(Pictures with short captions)
________________________________________
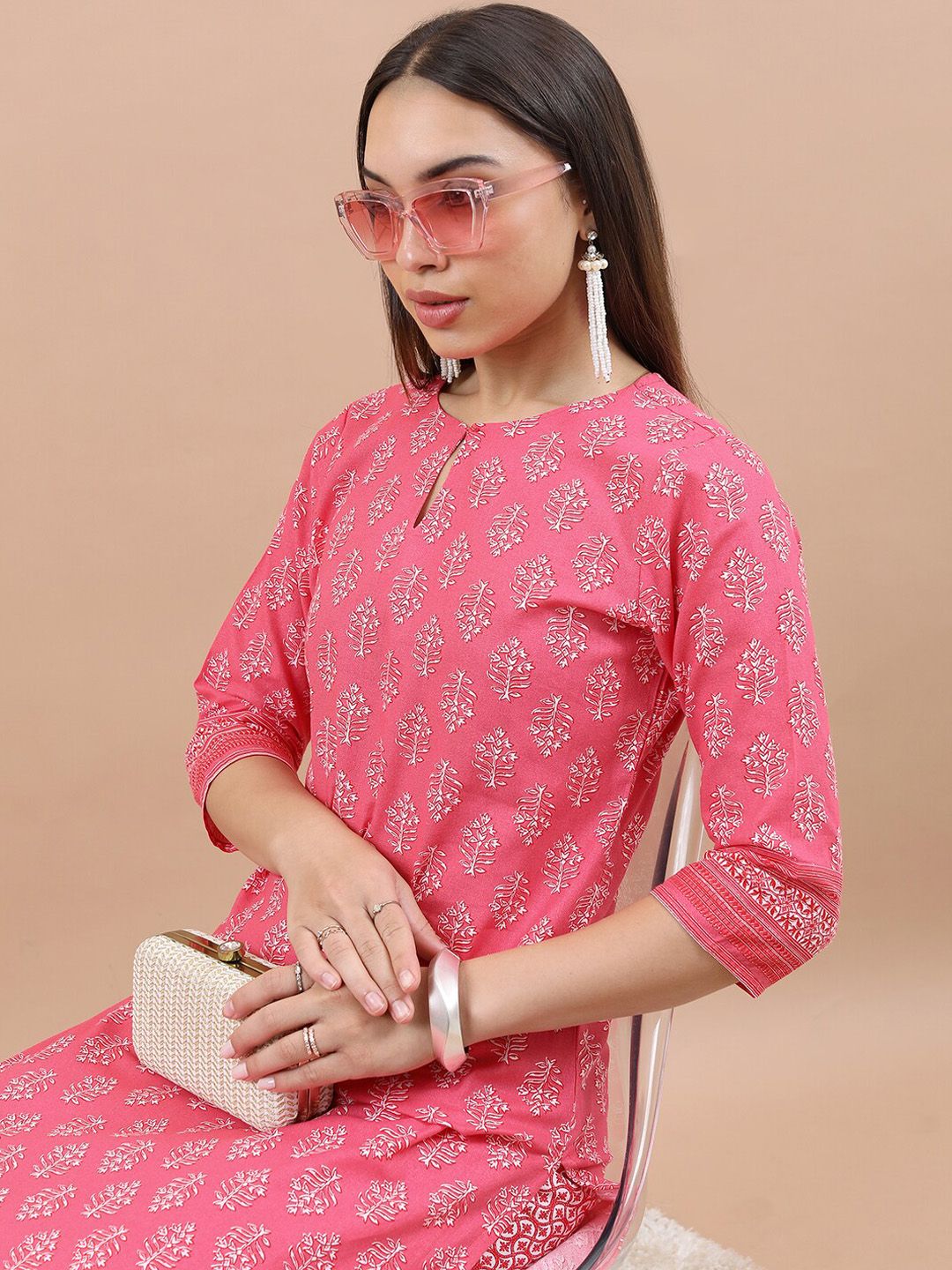 Vishudh Floral Printed Pure Cotton Regular Kurta with Palazzos - Distacart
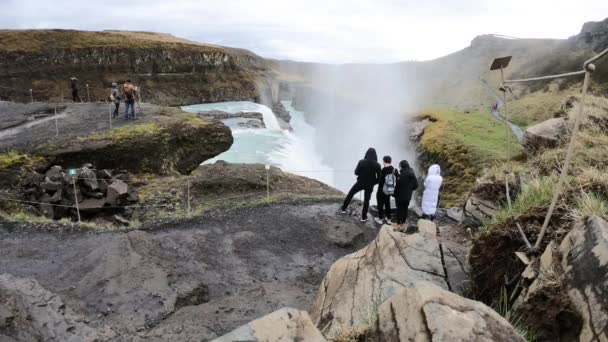 Gullfoss Islanda Maggio 2019 Gruppo Turisti Che Ammira Splendida Cascata — Video Stock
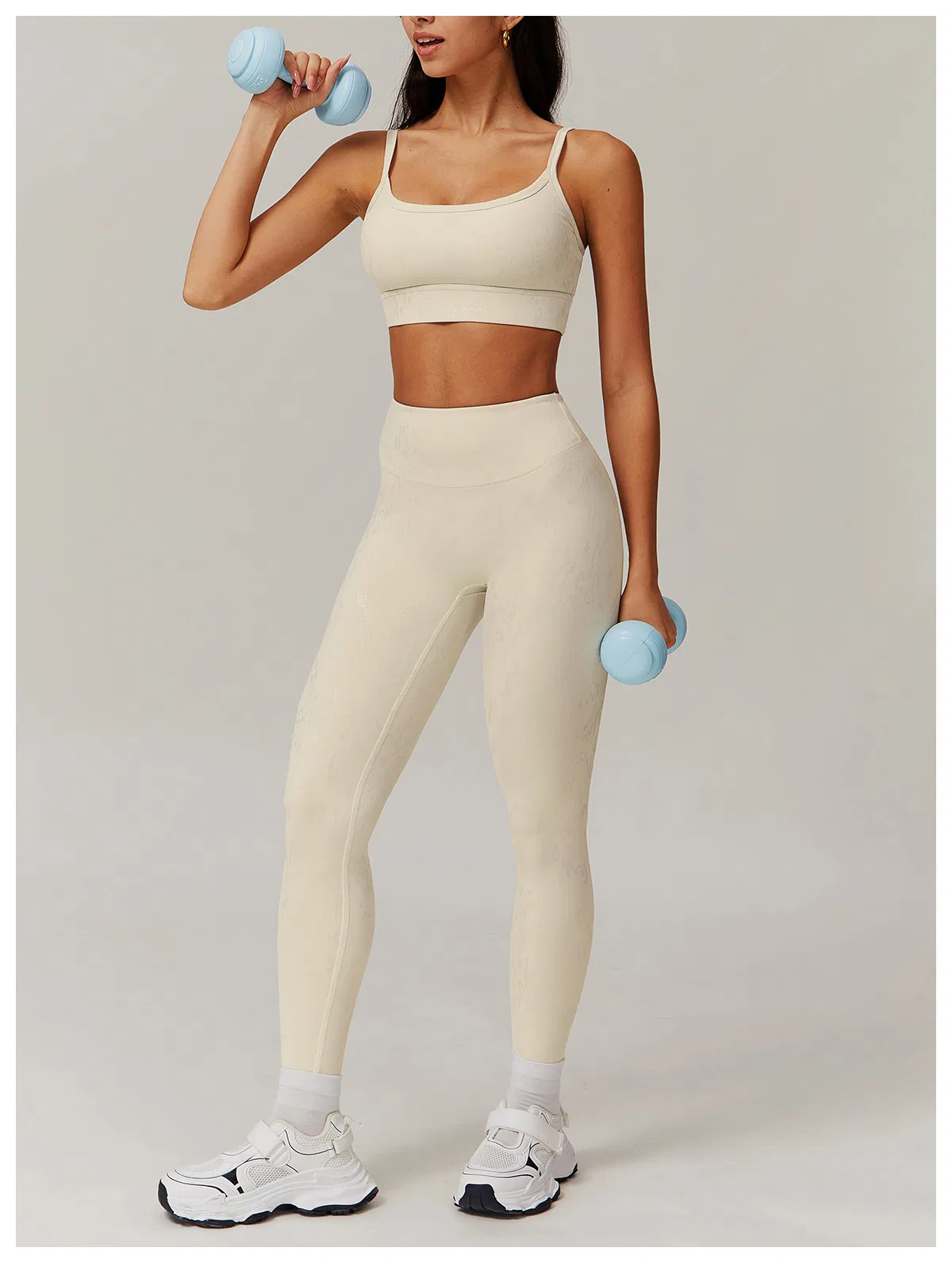 Roupas de Esporte por Atacado para Treino na Academia Recomendadas com Sutiã/Camiseta/Jaqueta/Shorts/Leggings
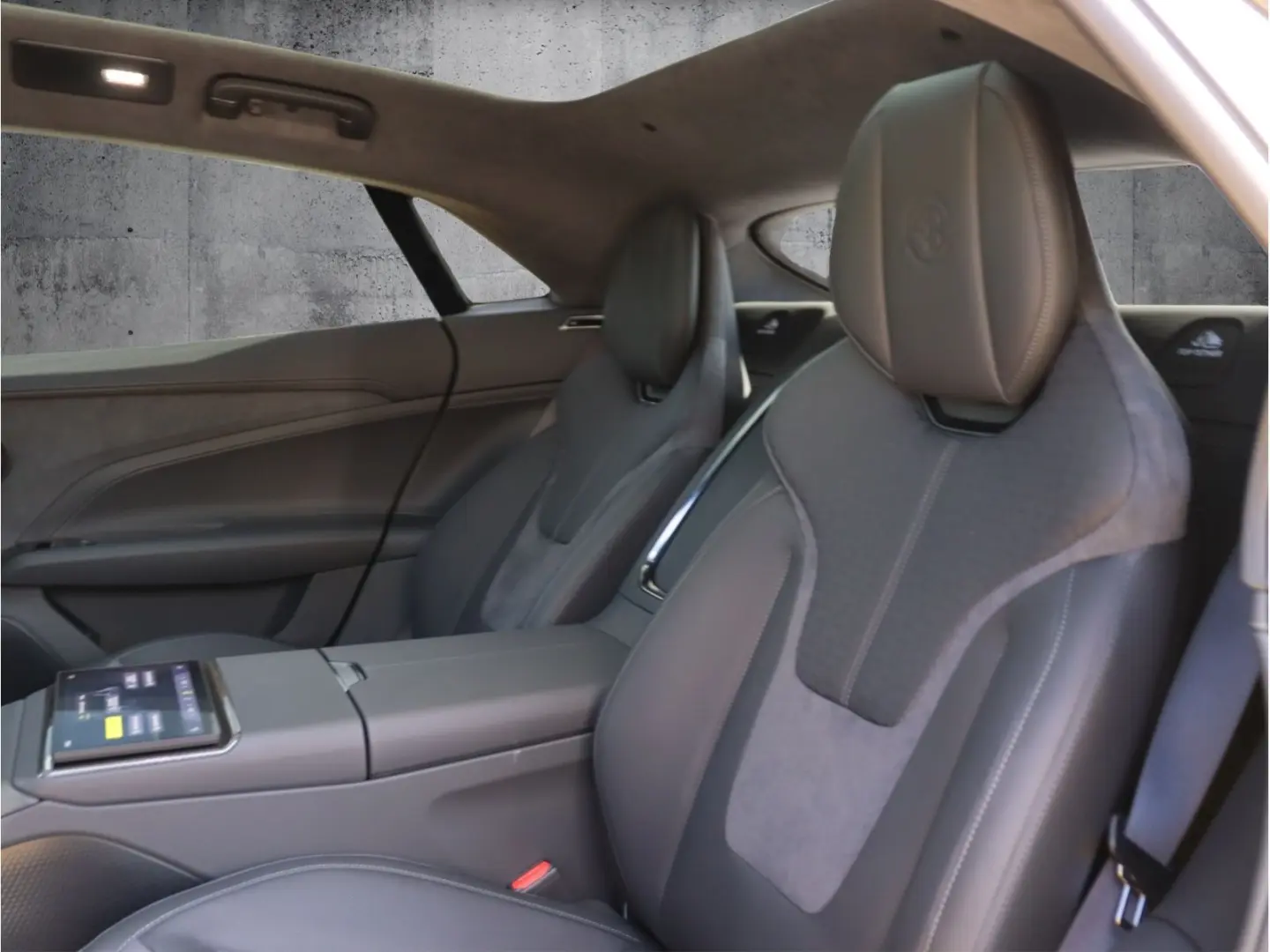 Emeya S  Lotus Leipzig   Executive Seats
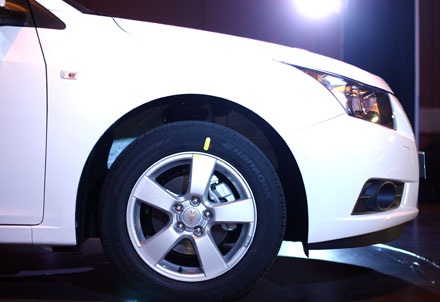 GM Việt Nam ra xe Chevrolet Cruze phiên bản mới - 6 Việt Hưng
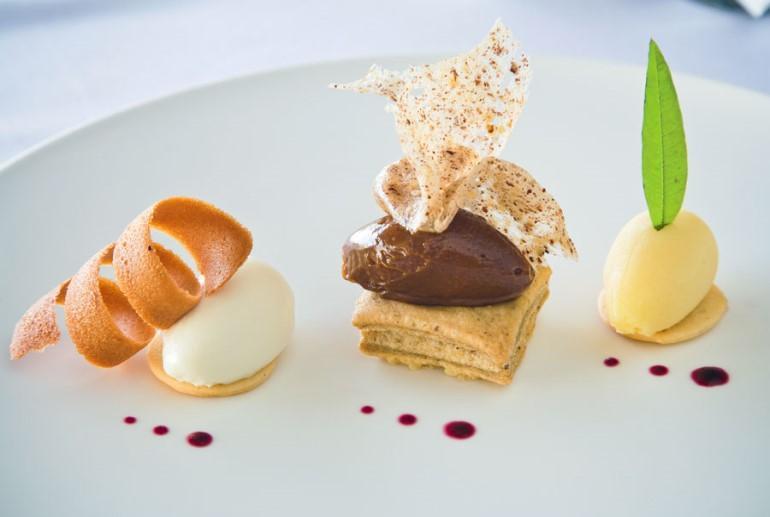 Honeymoons-Romantic-Getaways-Qualia-Hamilton-Island-Queensland-m (770 x 517).jpg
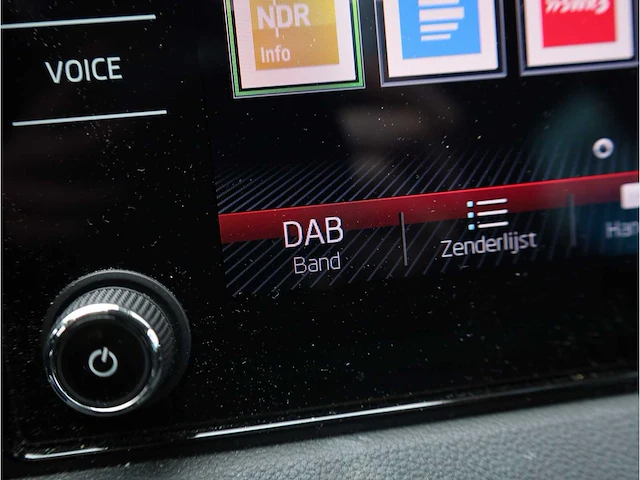 Skoda karoq 1.5 tsi automaat 2020 panoramadak virtual canton audio keyless go & entry dodehoeksensor - afbeelding 20 van  40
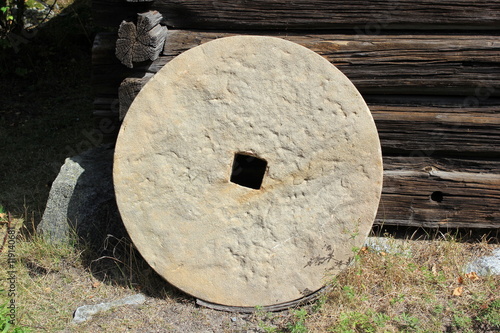 Quadro em tela Ein historischer Mühlstein (Rad) aus Stein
________________________________________
• Task objective: Please, without any pictures, print each entry exactly.

• Written reply:
 Vishudh Floral Printed Pure Cotton Regular Kurta with Palazzos - Distacart
 Gullfoss Islanda Maggio 2019 Gruppo Turisti Che Ammira Splendida Cascata — Video Stock
 Roupas de Esporte por Atacado para Treino na Academia Recomendadas com Sutiã/Camiseta/Jaqueta/Shorts/Leggings
 Emeya S  Lotus Leipzig   Executive Seats
 GM Việt Nam ra xe Chevrolet Cruze phiên bản mới - 6 Việt Hưng
 Honeymoons-Romantic-Getaways-Qualia-Hamilton-Island-Queensland-m (770 x 517).jpg
 Skoda karoq 1.5 tsi automaat 2020 panoramadak virtual canton audio keyless go & entry dodehoeksensor - afbeelding 20 van  40
 Quadro em tela Ein historischer Mühlstein (Rad) aus Stein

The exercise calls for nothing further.